In this study, we propose a multi-layer fully connected NN popularly known as multi-layer perceptron (MLP) to emulate the calculation of AOPs using Mie calculation i.e. MieAI. As a universal function approximator, the feed-forward NN is ideally suited for modeling nonlinear processes. The schematic diagram of the MLP is shown in Fig. 6. Specifically, it is used here to establish the relationships between the micro-physical parameters of aerosol particles and corresponding single-scattering properties14,15,17,46. Its feature is the interconnection of neurons with all nodes in the front and rear hidden layers. The output \({O}_{i}^{(l)}\) of the i-th node in the fully connected layer l can be calculated from the output of the previous layer l − 1 with a non-linear activation function (ϕ).

$${O}_{i}^{(l)}=\phi \left(\mathop{\sum }\limits_{j=1}^{{N}^{(l-1)}}{w}_{i,j}^{(l)}{O}_{j}^{(l-1)}+{b}_{i}^{(l)}\right)$$
(5)

Here, \({w}_{i,j}^{(l)}\) represents the weight of the j-th neuron in the layer l − 1 to the i-th neuron in the layer l and \({b}_{i}^{(l)}\) represents the bias term of the i-th neuron in the layer l. N(l−1) is the number of neurons in layer l − 1.

Fig. 6: MieAI Architecture. MieAI is a NN based model with multiple hidden layers.
Fig. 6: MieAI Architecture. MieAI is a NN based model with multiple hidden layers.
Full size image

The first and last layers represent input and output of MieAI respectively. Here, size parameter (x), wavelength (λ), coating fraction (f), real and imaginary parts of refractive indices for both core (\(R{I}_{re}^{c}\) and \(R{I}_{im}^{c}\)) and shell (\(R{I}_{re}^{s}\) and \(R{I}_{im}^{s}\)) constitute the input of MieAI whereas the extinction (Ext), scattering (Sca) Efficiency and asymmetry parameter (Asy) are the output.

For estimating AOPs using MieAI, 7 aerosol micro-physical parameters are regarded as input features (X = [x1, x2, …, x7]) and 3 single-scattering properties (Y = [Qext, Qsca, g]) are output targets as shown in Fig. 6. Here the input features are the size parameter (x), wavelength (λ), coating fraction (f) for coated, internally mixed aerosol and RIs for both core (RIc) and shell (RIs). Using a dataset comprising known input and output matrices, denoted as X and Y respectively, the model undergoes training to optimize its parameters - weights (w) and biases (b). This optimization is achieved via back-propagation, which minimizes the cost function Cy:

$${C}_{y}=\mathop{\sum }\limits_{i=1}^{N}{({y}_{true}-{y}_{pred})}^{2}$$
(6)

This function quantifies the error between the predicted values (ypred) generated through forward propagation in the NN and the actual values (ytrue). The cost function Cy is differentiable with respect to the model parameters (w and b), enabling the application of various gradient descent techniques for efficient optimization.
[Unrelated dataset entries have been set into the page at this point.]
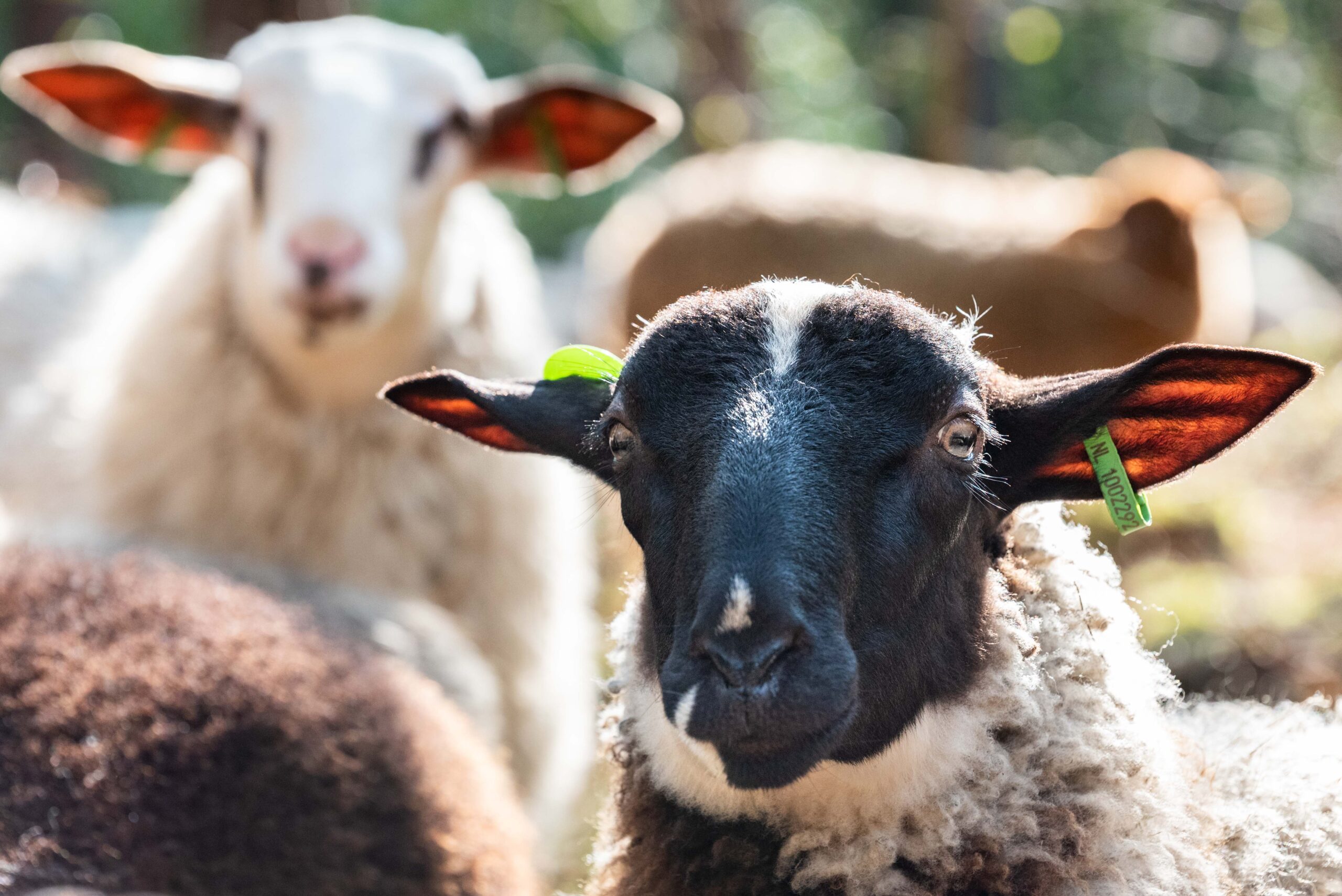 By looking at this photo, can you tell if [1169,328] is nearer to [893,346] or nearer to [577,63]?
[893,346]

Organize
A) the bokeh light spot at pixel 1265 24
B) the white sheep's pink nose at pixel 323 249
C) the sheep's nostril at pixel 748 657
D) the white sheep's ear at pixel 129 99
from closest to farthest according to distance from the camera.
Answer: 1. the sheep's nostril at pixel 748 657
2. the white sheep's pink nose at pixel 323 249
3. the white sheep's ear at pixel 129 99
4. the bokeh light spot at pixel 1265 24

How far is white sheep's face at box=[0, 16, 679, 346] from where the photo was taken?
424cm

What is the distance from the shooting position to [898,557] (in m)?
2.23

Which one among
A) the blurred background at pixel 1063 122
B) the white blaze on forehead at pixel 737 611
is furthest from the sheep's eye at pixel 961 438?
the blurred background at pixel 1063 122

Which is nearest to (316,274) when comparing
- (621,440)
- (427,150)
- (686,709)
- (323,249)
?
(323,249)

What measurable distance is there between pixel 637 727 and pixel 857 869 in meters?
0.50

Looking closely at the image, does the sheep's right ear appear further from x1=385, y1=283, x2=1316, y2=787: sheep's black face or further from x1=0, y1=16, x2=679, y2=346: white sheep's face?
x1=0, y1=16, x2=679, y2=346: white sheep's face

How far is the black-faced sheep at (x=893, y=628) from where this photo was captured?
2.07 metres

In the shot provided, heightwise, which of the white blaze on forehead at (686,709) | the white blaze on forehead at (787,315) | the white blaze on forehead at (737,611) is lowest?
the white blaze on forehead at (686,709)

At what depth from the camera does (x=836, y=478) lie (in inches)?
85.5

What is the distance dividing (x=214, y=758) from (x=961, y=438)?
5.85 ft

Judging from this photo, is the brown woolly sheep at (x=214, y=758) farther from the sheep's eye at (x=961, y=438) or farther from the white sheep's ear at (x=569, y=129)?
the white sheep's ear at (x=569, y=129)

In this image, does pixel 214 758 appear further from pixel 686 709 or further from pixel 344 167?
pixel 344 167

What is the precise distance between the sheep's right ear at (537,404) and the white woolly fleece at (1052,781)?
0.34m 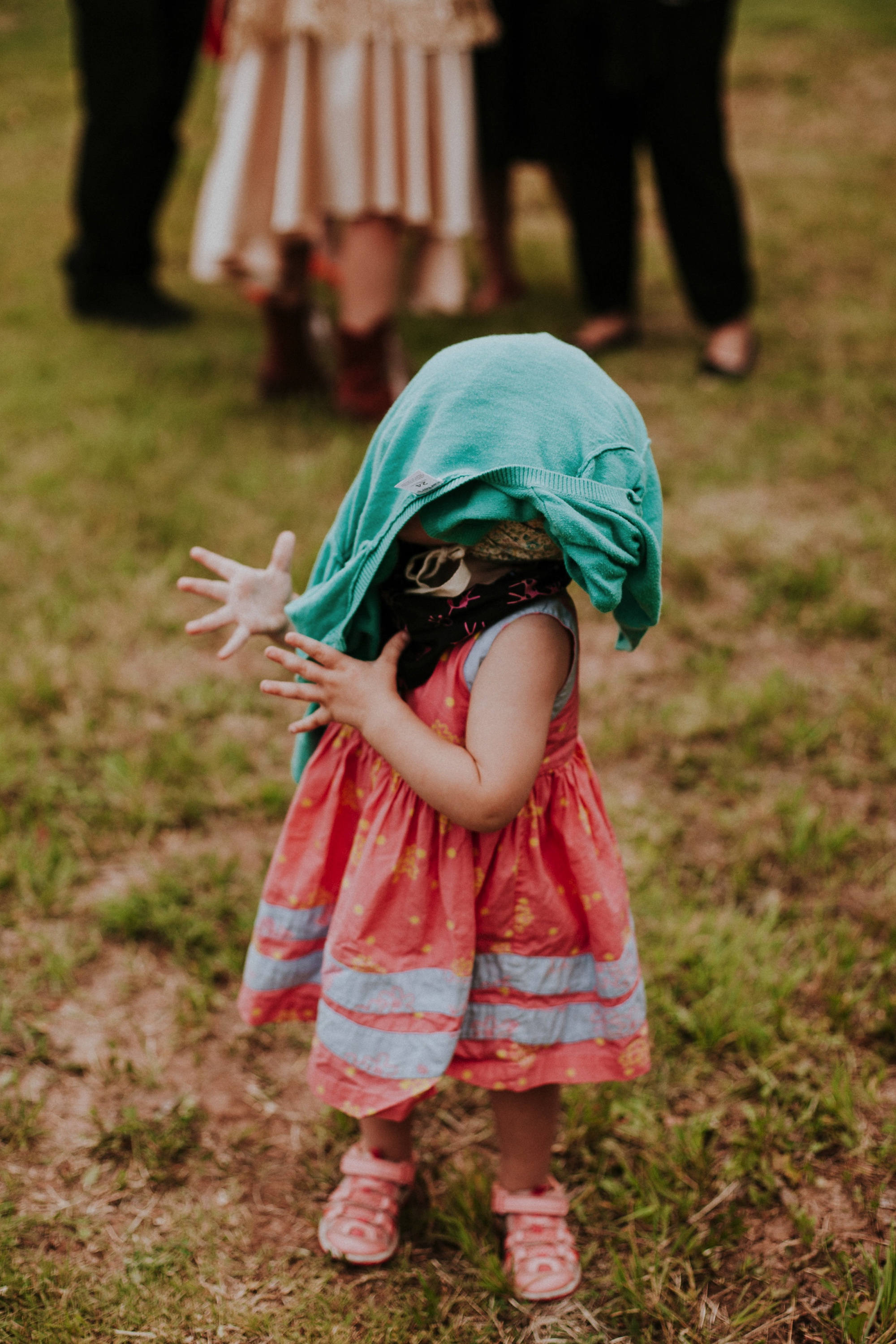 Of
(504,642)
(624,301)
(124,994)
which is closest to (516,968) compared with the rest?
(504,642)

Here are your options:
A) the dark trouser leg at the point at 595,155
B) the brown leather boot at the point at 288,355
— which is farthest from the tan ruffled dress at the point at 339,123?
the dark trouser leg at the point at 595,155

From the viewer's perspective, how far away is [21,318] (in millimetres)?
4328

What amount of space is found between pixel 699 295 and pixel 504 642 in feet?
9.86

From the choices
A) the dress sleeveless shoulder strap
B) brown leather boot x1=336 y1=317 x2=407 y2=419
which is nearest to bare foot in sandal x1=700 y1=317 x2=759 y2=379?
brown leather boot x1=336 y1=317 x2=407 y2=419

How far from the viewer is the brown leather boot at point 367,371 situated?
3.36m

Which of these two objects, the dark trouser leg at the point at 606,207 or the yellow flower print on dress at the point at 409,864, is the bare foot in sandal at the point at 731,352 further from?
the yellow flower print on dress at the point at 409,864

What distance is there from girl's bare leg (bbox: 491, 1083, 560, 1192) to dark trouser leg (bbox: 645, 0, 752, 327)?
3059 mm

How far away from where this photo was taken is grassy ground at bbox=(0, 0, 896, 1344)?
1384 millimetres

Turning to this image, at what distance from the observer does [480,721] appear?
3.84 feet

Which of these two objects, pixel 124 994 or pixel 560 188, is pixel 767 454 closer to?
pixel 560 188

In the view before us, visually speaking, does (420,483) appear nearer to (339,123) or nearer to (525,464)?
(525,464)

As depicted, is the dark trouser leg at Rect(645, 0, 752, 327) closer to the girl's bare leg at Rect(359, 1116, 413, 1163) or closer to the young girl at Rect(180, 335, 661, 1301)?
the young girl at Rect(180, 335, 661, 1301)

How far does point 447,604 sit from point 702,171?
2889 millimetres

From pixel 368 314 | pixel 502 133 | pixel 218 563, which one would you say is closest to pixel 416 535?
pixel 218 563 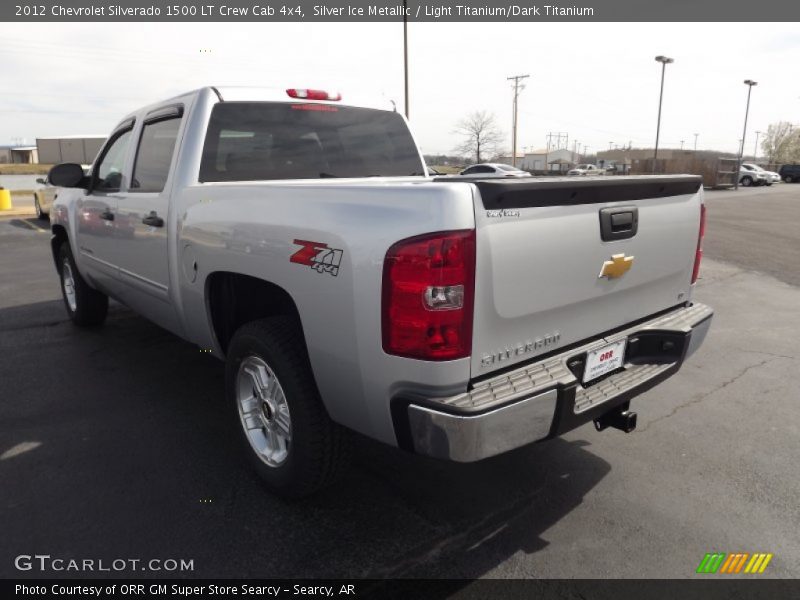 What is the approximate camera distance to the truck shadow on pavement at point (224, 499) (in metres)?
2.52

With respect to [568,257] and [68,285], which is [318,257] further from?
[68,285]

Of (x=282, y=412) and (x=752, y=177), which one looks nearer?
(x=282, y=412)

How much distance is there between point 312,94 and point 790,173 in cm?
6233

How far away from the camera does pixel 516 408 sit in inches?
84.6

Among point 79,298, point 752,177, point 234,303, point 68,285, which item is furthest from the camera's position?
point 752,177

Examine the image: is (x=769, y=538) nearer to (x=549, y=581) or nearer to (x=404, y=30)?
(x=549, y=581)

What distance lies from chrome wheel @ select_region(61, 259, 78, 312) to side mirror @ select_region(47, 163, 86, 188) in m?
1.48

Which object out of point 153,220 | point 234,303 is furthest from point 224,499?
point 153,220

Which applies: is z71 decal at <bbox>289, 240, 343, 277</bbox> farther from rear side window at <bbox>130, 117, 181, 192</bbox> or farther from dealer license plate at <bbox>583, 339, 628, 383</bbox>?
rear side window at <bbox>130, 117, 181, 192</bbox>

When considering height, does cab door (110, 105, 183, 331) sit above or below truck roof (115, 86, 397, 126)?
below

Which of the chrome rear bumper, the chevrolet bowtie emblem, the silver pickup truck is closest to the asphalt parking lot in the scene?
the silver pickup truck

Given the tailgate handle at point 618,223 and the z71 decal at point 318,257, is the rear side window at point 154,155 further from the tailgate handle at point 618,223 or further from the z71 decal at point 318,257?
the tailgate handle at point 618,223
Training Data and its preprocessing

To facilitate MieAI training, a total of 30 distinct combinations of core and shell chemical compositions are considered, as outlined comprehensively in Supplementary Table 1. The computation of optical characteristics relies on wavelength-dependent RI. As emphasized by47, distinct peaks in the real component of the RI manifest as prominent maxima in Qext. Simultaneously, the ω and, consequently, the absorption efficiency (Qabs) is governed by the imaginary component of the RI. In Supplementary Fig. 1a, we present the real and imaginary components of RI for the chemical species composing both the core and shell of aerosol particles43,47,48. Supplementary Fig. 1b illustrates the variations in the real and imaginary components of the RI for internally mixed and coated particles as a function of changes in the chemical composition of the core and shell across various wavelengths of solar radiation. The real part of the RI exhibits a range from 1.1 to 2.75 for the core and 1.2 to 2 for the shell, contingent upon the specific chemical compositions of the core and shell. Meanwhile, the imaginary component varies from values as low as 10−8 to 0.5 for the core and from 10−9 to 1 for the shell. It’s noteworthy that the core is characterized as a volume-averaged ternary system involving mineral dust, sea salt, and soot, while the shell is likewise modeled as a ternary system, featuring water, inorganic, and organic constituents.

The training, test and validation datasets for MieAI are generated by randomly selecting 600,000 samples (about 2%) from more than 45 million possible combinations of input features arising from varying wavelength (0.2 to 100 μm), shell thickness (from 0 to 40% of total diameter with a step wise of 0.1%), core diameter (from 10 nm to 20 μm) and RI by considering 30 different combinations for core and shell as discussed before. Randomly selected samples were divided into training (70%), validation (15%) and test datasets (15%) while optimizing the NN architecture and parameters.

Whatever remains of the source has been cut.